Claret Jug now worth

Golf majors cash bonanza

Golf, it seems, is awash with dosh, with millions of pounds and dollars added to the professional game’s treasure chest this week.

While it’s lining the pockets of the pros, as the Tiger factor gets to grips with the game, whether the grass roots of golf which produces our future millionaires, will see the benefit, is questionable.

Prize money at the Open Championship at Muirfield (July 18-21) will leap by 17.5 per cent to a record £3.8 million, while the US Open at Bethpage Park, New York (June 13-16) gets a $500,000 hike to $5.5 million, with a first- place prize of $1 million.

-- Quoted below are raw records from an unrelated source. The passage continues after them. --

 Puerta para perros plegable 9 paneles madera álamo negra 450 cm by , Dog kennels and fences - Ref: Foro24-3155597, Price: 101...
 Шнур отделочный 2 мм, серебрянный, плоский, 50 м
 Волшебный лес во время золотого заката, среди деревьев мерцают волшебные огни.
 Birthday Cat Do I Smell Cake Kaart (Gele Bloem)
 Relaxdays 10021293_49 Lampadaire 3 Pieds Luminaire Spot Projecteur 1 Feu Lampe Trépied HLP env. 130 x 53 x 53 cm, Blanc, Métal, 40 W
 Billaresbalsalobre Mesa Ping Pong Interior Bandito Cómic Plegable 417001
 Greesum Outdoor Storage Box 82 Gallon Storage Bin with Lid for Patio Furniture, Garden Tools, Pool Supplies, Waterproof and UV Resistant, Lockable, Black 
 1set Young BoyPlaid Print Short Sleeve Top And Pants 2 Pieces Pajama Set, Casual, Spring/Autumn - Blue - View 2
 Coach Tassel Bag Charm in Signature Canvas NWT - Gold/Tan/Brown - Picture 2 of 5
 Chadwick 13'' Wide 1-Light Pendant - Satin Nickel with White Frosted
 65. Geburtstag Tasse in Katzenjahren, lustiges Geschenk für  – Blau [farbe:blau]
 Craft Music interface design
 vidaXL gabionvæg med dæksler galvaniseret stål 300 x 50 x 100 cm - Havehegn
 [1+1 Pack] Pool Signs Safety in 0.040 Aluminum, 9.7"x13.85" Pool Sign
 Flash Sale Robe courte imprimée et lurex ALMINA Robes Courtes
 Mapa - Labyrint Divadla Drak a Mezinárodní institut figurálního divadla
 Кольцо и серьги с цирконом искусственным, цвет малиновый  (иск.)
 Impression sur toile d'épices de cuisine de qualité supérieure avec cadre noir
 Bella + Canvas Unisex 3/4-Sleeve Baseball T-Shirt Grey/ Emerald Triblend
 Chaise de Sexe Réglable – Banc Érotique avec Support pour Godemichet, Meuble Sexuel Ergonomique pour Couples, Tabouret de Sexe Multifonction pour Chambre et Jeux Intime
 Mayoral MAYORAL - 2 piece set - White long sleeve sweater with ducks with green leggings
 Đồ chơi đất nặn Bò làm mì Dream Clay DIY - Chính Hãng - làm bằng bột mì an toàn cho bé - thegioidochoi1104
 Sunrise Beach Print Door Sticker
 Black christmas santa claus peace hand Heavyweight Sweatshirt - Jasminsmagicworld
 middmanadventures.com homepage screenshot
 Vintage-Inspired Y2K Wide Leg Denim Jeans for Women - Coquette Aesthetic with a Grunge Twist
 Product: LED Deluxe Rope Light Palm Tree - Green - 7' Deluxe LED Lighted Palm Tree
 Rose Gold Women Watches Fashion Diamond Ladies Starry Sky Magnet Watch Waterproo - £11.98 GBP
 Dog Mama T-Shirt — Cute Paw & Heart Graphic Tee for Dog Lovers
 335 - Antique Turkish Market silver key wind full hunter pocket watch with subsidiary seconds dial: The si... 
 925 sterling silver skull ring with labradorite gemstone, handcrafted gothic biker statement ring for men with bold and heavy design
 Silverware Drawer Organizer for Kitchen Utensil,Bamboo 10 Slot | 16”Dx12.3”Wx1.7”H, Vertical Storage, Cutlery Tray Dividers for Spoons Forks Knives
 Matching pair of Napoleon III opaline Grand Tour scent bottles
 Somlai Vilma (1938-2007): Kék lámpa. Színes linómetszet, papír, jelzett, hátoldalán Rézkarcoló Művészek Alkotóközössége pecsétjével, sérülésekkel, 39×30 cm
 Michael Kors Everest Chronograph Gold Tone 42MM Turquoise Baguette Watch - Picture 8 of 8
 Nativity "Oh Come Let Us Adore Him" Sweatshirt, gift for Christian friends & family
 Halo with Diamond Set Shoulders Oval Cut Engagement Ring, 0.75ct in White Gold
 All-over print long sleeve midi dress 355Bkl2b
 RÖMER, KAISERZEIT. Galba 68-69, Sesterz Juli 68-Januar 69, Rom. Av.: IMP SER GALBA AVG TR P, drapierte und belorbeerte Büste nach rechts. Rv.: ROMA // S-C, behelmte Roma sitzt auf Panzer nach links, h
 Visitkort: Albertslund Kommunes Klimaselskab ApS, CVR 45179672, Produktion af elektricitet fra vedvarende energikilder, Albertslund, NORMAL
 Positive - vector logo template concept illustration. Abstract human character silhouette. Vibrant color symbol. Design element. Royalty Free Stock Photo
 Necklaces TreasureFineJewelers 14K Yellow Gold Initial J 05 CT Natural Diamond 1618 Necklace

Retief Goosen captured the U.S. Open last year, posting a two-shot victory over Mark Brooks in an 18-hole playoff at Southern Hills Country Club in Tulsa, Oklahoma.

The winner of the 131st Open - last year it was David Duval - will receive £700,000, double the figure Paul Lawrie collected at Carnoustie in 1999. Any player completing 72 holes will receive £8,500 and those missing the cut will earn £2,000.

Open Championship secretary David Hill says: "We recognise the cost of competing in the championship for overseas players and have therefore put measures in place which will offset the costs for those players and will maintain the international strength of the field."

Women’s golf gets a boost, too with the Weetabix Women’s British Open at Turnberry Hotel in Ayrshire (August 8-11) now worth £1million in prizemoney, as the newly designated ‘fourth major’.

The US Women’s Open at Prairie Dunes, Hutchinson, Kansas (July 4-7) has been increased by $100,000 to $3 million, with a first prize of $535,000.

Se Ri Pak of Korea will defend her title in Scotland, where girls under 16 will get free entry. Karrie Webb has won the US title for the last two years, including an eight-shot victory over Pak in 2001.